The best way to reduce the risk of corruption is to call file.sync() at key points in the program. This is the same as file.close() but the file is not marked closed.

FAT16/FAT32 and exFAT are all about equally susceptible to corruption if files are not closed.

So if you call file.sync() after a sequence of writes, corruption can only happen if power fails during that time.

noisymime commented 2 years ago

The best way to reduce the risk of corruption is to call file.sync() at key points in the program.

Are calls to file.sync() blocking or slow such that these calls need to be handled carefully? All the examples only do the sync() call once logging is completed, but I'm trying to log in a case where power might be cut and graceful completion of the log isn't always possible.

I can, for example, add a file.sync() call every time the ring buffer is written, but if that is likely to cause blocking or performance issues, then I can call it on something like a 1s interval instead.

greiman commented 2 years ago

sync() does a lot of I/O. It flushes the data cache, reads the files directory entry, updates the directory entry and writes it to the SD. sync() causes a huge amount of I/O in the SD since flash pages in the SD are huge compared to the emulated 512 byte sectors so SD buffers are flushed also.
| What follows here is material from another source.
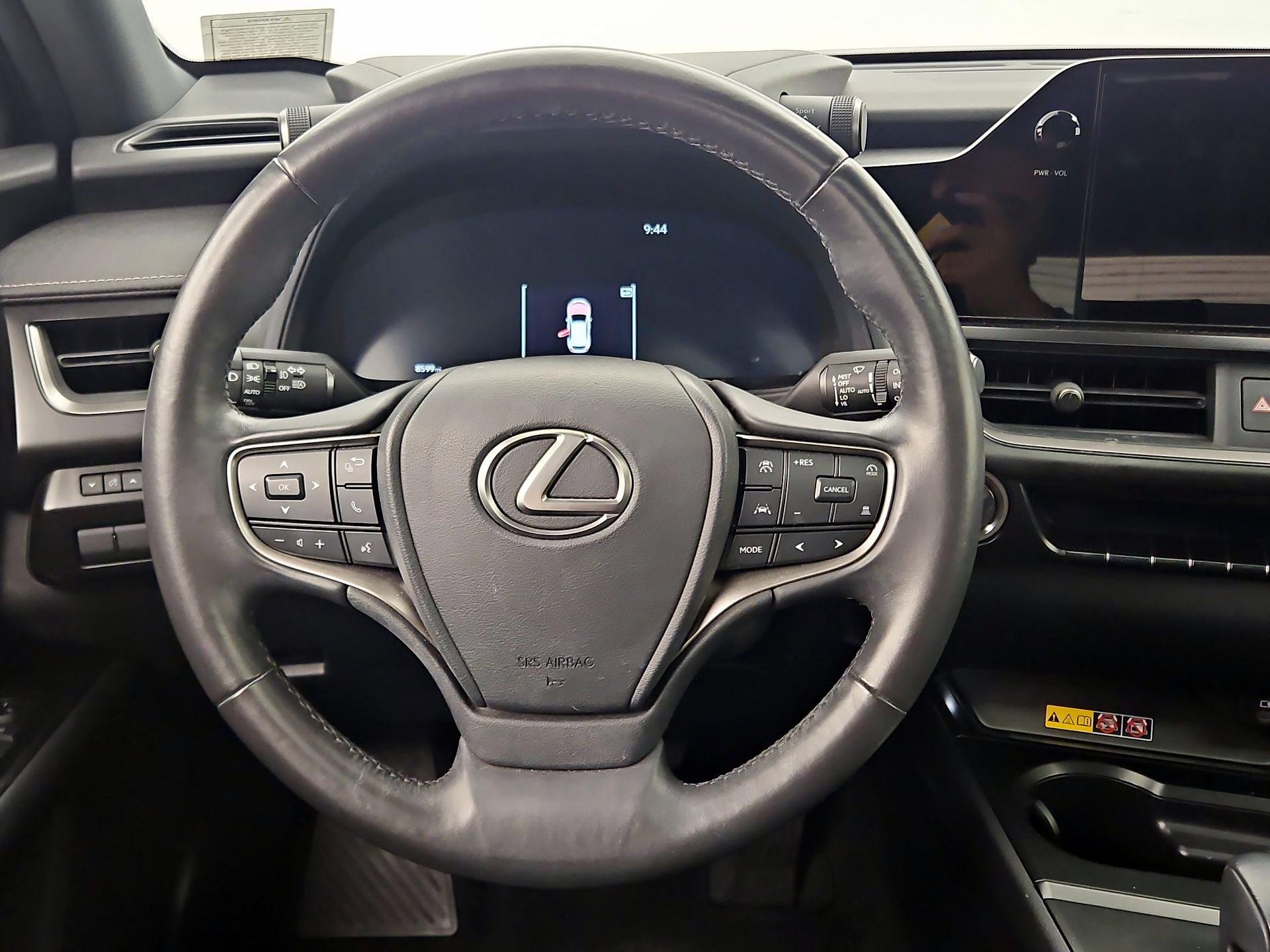Thumbnail: 2025 Lexus UX - 10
You should measure the time in your app using micros();

  uint32_t m = micros()
  file.sync();
  m = micros() - m;  // time for sync()
RadekPudelko commented 2 years ago

I've done some additional experiments and found that if I setup a static file and only make changes to the data in the file without ever changing its size, it does not corrupt in the event of power failure, although there may be partially written data, which I can easily recover from. I think this strategy could work for me, but I have one concern and that is with wear leveling. Am I correct to assume that writing data into a static file does not call the wear leveling algorithm? I think if it did, I would have seen a corruption, but I could be wrong because I am not sure exactly how and when wear leveling runs. I am not so concerned about using the sectors because the file would be used like a circular buffer, so wear would be distributed.
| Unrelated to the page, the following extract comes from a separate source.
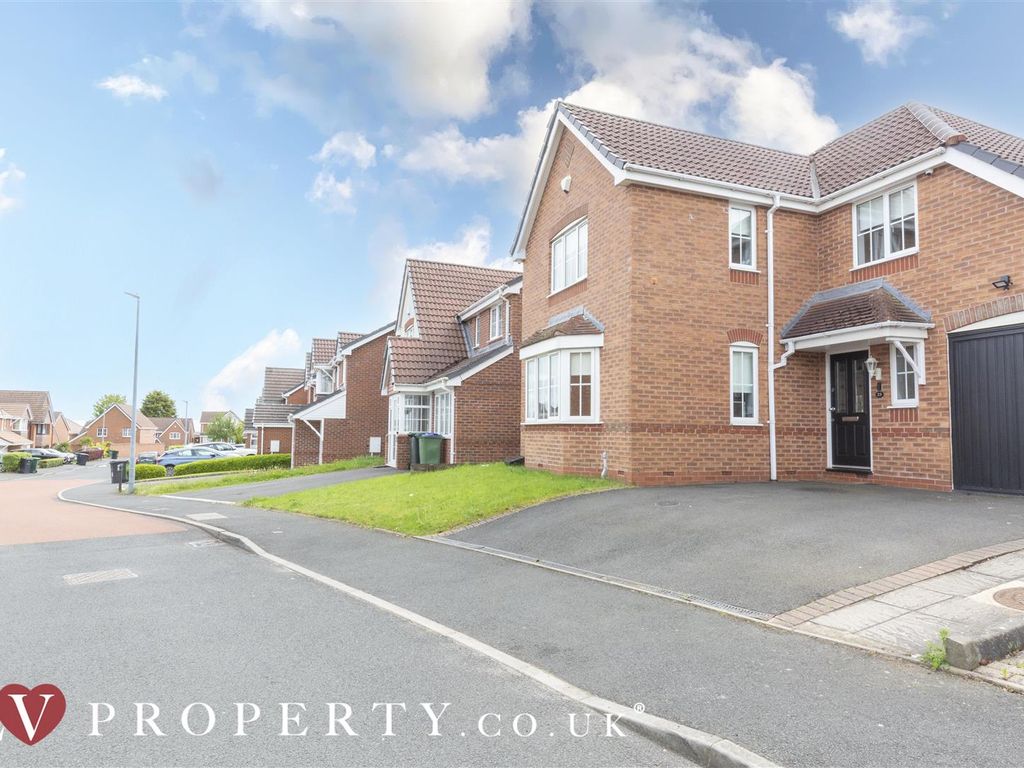 4 bed property for sale in Taylor Way, Tividale, Oldbury B69 Zoopla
greiman commented 2 years ago

Don't worry about wear leveling. SD cards keep a database of write counts and map logical to physical address. Data is copied to new areas to even wear. That's why a write occasionally take a long time.

RadekPudelko commented 2 years ago

I am not too worried about the actual wear onto the sd card, but more so about what happens when the sd decides to move data elsewhere. For instance, if I preallocate a file and never and expand it, only writing within its size, I have so far been safe when powering off. I believe this is the case b/c I am writing to the same sectors over and over again. (I could be wrong about this, I don't really know what's going on under the hood). If however the sd card decides that I have used up these sectors too much and it tries to copy my data elsewhere and I lose power, I am not sure what happens. I am worried that file itself gets corrupted in this case, although the stars would really have to align for this to occur. I guess what I am asking is what is going on under the hood when I write within a file over and over again? Am I keeping the same clusters until the sd card decides to move the data over to somewhere less used up?
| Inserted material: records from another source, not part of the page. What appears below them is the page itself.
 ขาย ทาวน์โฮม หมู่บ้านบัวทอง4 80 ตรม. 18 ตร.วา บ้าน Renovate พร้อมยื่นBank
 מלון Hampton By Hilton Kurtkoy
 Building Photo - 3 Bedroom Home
greiman commented 2 years ago

You can't control where your data is stored in the physical flash pages in the SD. Modern consumer cards use TLC NAND, to store three bits per cell as eight charge levels. Each cell has a life of at most 3,000 erase write cycles - even less in low cost consumer cards.

https://www.kingston.com/en/blog/pc-performance/difference-between-slc-mlc-tlc-3d-nand

These cards frequently remap logical address to new physical flash with a data copy. It is power fail tolerant since the map is changed in a fault tolerant way.

So you can't control or influence what happens in your card. You can write about 1,000 times the size of the card and it doesn't matter where you write.

RadekPudelko commented 2 years ago

Thank you, I think I can build a robust system with this info.